'Green' Movement21 Jul, 2011 By: Fred Topel
While Marvel Comics superheroes have dominated the big screen in recent years, adaptations of DC Comics properties have been less prominent. Green Lantern is the first movie based on a major DC superhero who isn’t Superman or Batman.
Though the character enjoys one of the richest mythologies in the DC canon, filmmakers couldn’t fit everything into one movie, which leaves plenty of material for home video.
“I’d never worked on a movie that required this much imagination,” says the film’s star, Ryan Reynolds. “It felt like I was a kid again.”
Reynolds plays Hal Jordan, the test pilot whose encounter with a dying alien leads to him becoming a member of the legendary Green Lantern Corps, an intergalactic team of peacekeepers armed with mystical green rings that convert willpower into energy. As such, the film is filled with space travel, alien planets and green accessories created by the rings.
“Everything you’re seeing in this world, you have to imagine,” Reynolds says. “Granted, we do have amazing people that are working behind the scenes; Grant Major, not the least of which who’s our crack production designer who created a lot of the worlds for Lord of the Rings and those things, would come down with visual references so I had an idea what I was looking at. I have to imagine what that is, and then express it through my eyes for the audience, and that was a big challenge.”

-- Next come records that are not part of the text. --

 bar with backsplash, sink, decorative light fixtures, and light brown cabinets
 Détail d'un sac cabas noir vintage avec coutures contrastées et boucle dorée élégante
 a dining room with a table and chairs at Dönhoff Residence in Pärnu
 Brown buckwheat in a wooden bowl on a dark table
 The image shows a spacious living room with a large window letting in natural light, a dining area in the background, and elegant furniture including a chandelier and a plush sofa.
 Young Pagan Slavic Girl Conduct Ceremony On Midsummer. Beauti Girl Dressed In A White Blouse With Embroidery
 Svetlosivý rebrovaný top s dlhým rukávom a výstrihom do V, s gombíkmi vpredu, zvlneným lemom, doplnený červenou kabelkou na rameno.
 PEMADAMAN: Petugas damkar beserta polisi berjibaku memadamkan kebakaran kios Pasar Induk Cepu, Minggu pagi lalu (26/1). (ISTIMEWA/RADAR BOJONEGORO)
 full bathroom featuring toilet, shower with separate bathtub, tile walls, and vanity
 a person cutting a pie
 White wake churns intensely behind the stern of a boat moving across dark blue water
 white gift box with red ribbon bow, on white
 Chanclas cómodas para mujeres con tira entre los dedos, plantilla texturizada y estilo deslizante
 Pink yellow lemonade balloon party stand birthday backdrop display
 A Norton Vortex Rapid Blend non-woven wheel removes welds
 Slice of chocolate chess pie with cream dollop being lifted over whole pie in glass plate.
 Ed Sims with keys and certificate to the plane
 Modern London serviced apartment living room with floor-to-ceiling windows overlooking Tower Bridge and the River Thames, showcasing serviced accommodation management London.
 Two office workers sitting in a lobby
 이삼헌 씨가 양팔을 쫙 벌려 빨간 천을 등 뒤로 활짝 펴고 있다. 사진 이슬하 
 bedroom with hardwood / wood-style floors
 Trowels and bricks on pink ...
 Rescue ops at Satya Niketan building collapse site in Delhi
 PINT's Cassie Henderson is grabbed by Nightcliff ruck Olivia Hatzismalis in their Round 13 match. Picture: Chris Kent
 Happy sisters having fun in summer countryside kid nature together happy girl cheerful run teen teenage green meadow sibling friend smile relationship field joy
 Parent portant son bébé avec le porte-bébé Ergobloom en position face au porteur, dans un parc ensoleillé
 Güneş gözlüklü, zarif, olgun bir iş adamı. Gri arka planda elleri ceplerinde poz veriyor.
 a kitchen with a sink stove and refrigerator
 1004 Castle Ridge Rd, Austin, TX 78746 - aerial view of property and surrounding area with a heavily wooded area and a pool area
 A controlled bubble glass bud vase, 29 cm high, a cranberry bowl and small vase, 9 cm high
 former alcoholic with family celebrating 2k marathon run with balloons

For Peter Sarsgaard, who plays the film’s villain, scientist Hector Hammond, the experience had more to do with makeup than CGI. As a result of his study of alien life, Hector’s brain grows throughout the film until he is left with a giant head. Filmmakers tried many prosthetics before what is seen in the finished film, which should provide ample fodder for behind-the-scenes material.
“We had that one that was quite large,” Sarsgaard said. “We tested one that I was like, ‘This is … I can’t.’ I couldn’t do it. That head pushed down on my eyes. I couldn’t open my eyes.”
One of the film’s producers indicated there is plenty of unused material relating to Hector’s role in the film.
“There are some nice bits that were excised from the final,” says producer Donald DeLine. “Some cool things you might see that Hector did at a certain point that didn’t make the final cut that are kind of fun. They might involve some small animals.”